As someone in the field of gemology, I believe in the energy of metals and stones. The properties of these beautiful rocks made by Mother Nature come with the same purity and vulnerable qualities that we are all comprised of. This same energy plays an important role in the creative process as well as the overall client experience. What I have learned along the way is that my happiest customers and best pieces have been a result of relationships built on positivity and dynamic energy shared by all involved.
When a client comes to me with a project, it is most often a collaboration, I do my best to create an environment where they feel comfortable sharing with me their ideas and expectations. This helps avoid the introduction of angst- the artist’s nemesis! Bottom line: it is paramount that not only the jewelry be fabulous, but that the entire experience is positive from start to finish.
As an artist, I actively look to avoid stressful situations that may impact how the piece is achieved. Bottom line: when my customers are collaborative and upbeat, I feed off of that energy and it shows in the finished product.
Of course not every situation is ideal and there are ways we can overcome a little negativity together. Let’s say a client, “Kate,” has wanted to re-design her engagement ring for several years, but has put it off. She has a hard time envisioning her perfect ring and has convinced herself that she is not creative. Kate may ask, “How will I know what style I’m looking for without trying it on?”
Finding the answers are all part of the design process. It’s about sitting down with a customer, building a relationship, learning their taste, and discovering exactly who they are. Often, that also includes uncovering what someone may dislike as well.

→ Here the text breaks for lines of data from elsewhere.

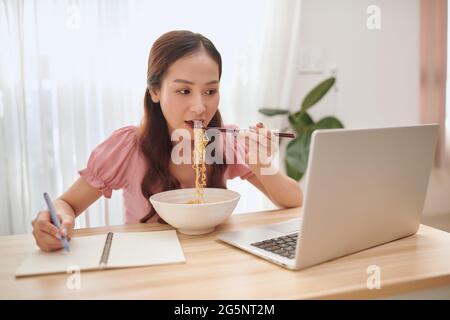 Junge asiatische Frau essen Nudeln und arbeiten mit Laptop zu Hause. Stockfoto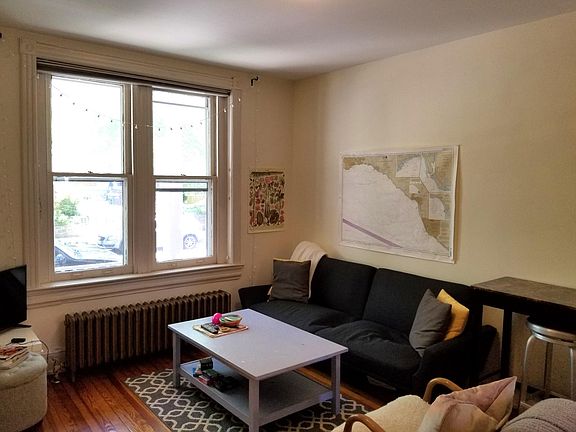 Living room, looking toward the front porch (furniture not included)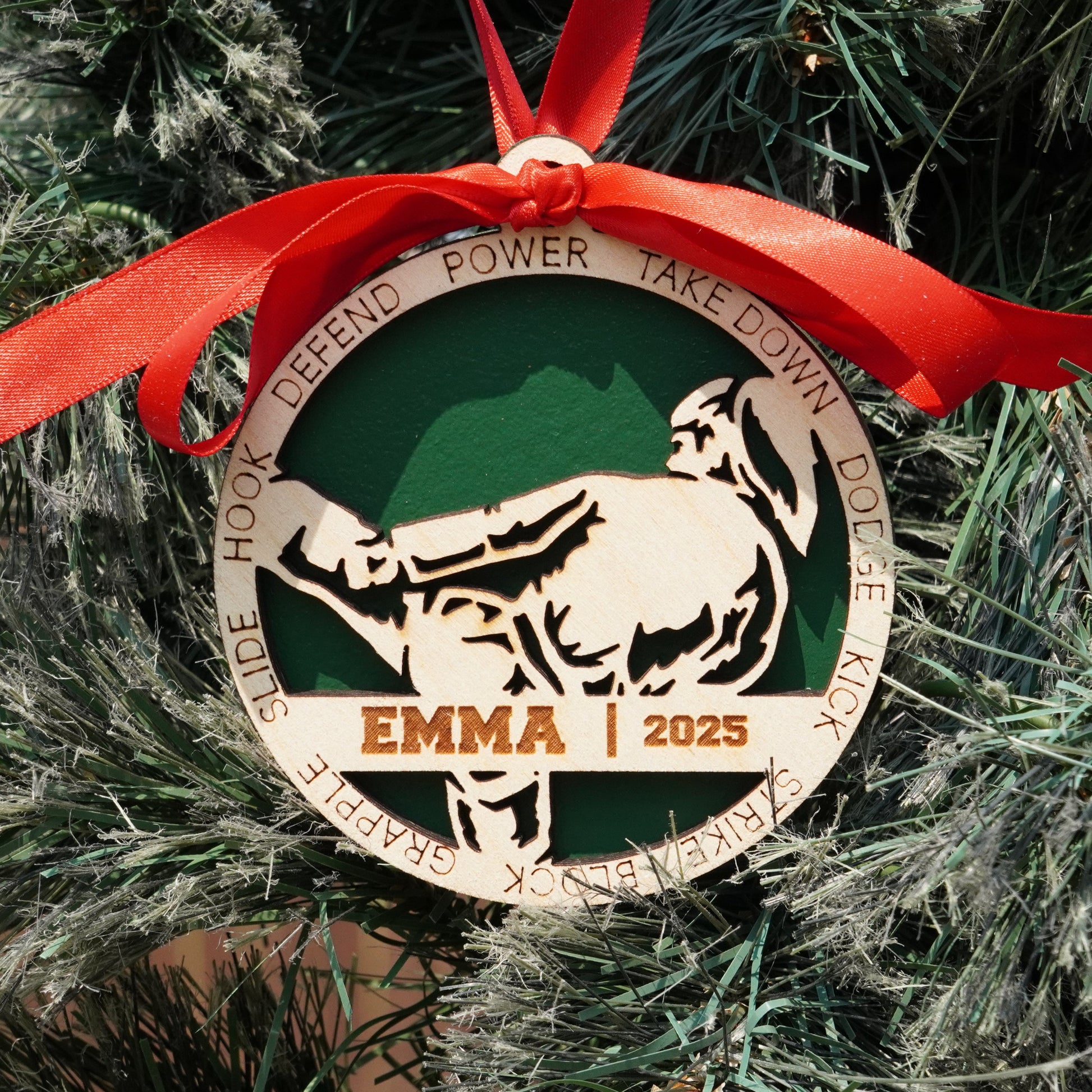 Decorative Christmas ornament with a dog silhouette and text on a green background, hanging on a tree.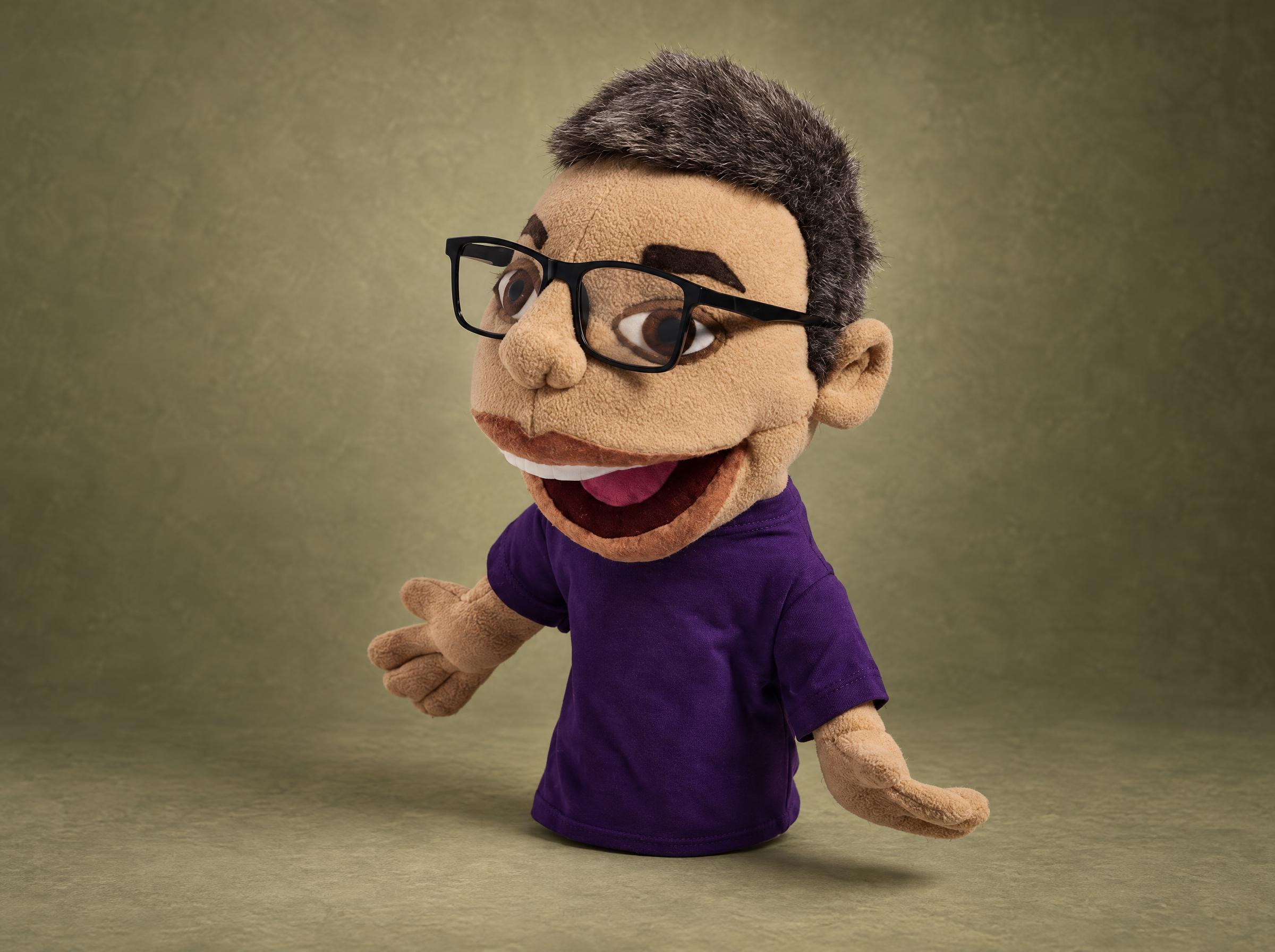 Custom hand puppet of a real blogger: gray hair, black glasses, purple T-shirt, made to order from photos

Working together can really produce incredibly energy that leaves many of our “Kates” at J Briggs & Co wearing their gorgeous new rings, saying, “I definitely should have done this sooner.”
As your expert explorer at envisioning that perfect new piece, I love creating fine jewelry with good vibes. Come in and share yours with me.
Here is an example of the remounting process I did for a customer:
Various pieces were given by the customer to merge into a re-mount project.
After conversations and exploring their style, I draw sketches of that best capture what the customer is looking for.
A life-like rendering of different angles comes back to show customer what to expect. After any edits are made, a casting mold is then taken.
A gorgeous finished design is born!
With no shortage of stores and independent jewelers to purchase your precious gems and jewelry from, how can you know that who you are working with is truly the professional they say they are?
Here are four tips to tuck away when your jewels are on the table:
1. Pushiness: Have you ever felt the hair on the back of your neck stand up when you enter a jewelry store, like an antelope amongst cheetahs? Many larger stores are commission-driven, with inventory they need to sell right out of the case and quotas to fulfill. If you are leaning toward one-of-a-kind or custom, you may consider switching it up this time. An excellent alternative is to sit down with a trained designer & gemologist to help you bring your jewelry to life instead of settling with a mass-produced piece, often not made in the USA. A salesperson will certainly offer to make your jewelry, but most salespeople are not seasoned designers or certified gemologists!
2. Full disclosure: When you invest in jewelry, your questions should be answered honestly and accurately. Is your amethyst lab-created or treated? What is the quality of the diamond or gem? Are you leaving with assurance that your jewelry is of the quality that you paid for?
*This is where the gemologist in me has to insert a sidebar. I implore you to take extreme caution if you have your heart set on buying fine jewelry on a cruise or tourist destination outside the US. The standards and regulations that protect the buyer in the US do not apply in many other countries. Despite how fancy the place appears or what the nice salespeople in port will tell you, you most likely are not getting a deal. Even worse, you may be getting something completely different than what you think ~ and the salesperson is not worried because they are pretty sure they will never see you again! And that phone number they give you to (often a US number), is just another sales tactic.
Okay, back to our regularly scheduled programming…
3. Stone-switching: When you take your beautiful diamond engagement ring to be cleaned — the one that your husband carefully chose for you and put on your finger on your wedding day — are you comfortable leaving it to chance that your stone will be the one returned to you? It happens. We want to assume the best in everyone, but when you hear the story of a disreputable jeweler, it gives the industry a bad rap. Take some time to get to know the character of the person you are working with.
4. Expertly Trained: What makes your jeweler an expert? Look for — and ask for — signs of certification of their industry experience to feel comfortable that this isn’t just another career stop. Working with a designer who is an artist over just a one-stop-shop can produce a truly exquisite piece that will become heirloom jewelry to enjoy for years to come.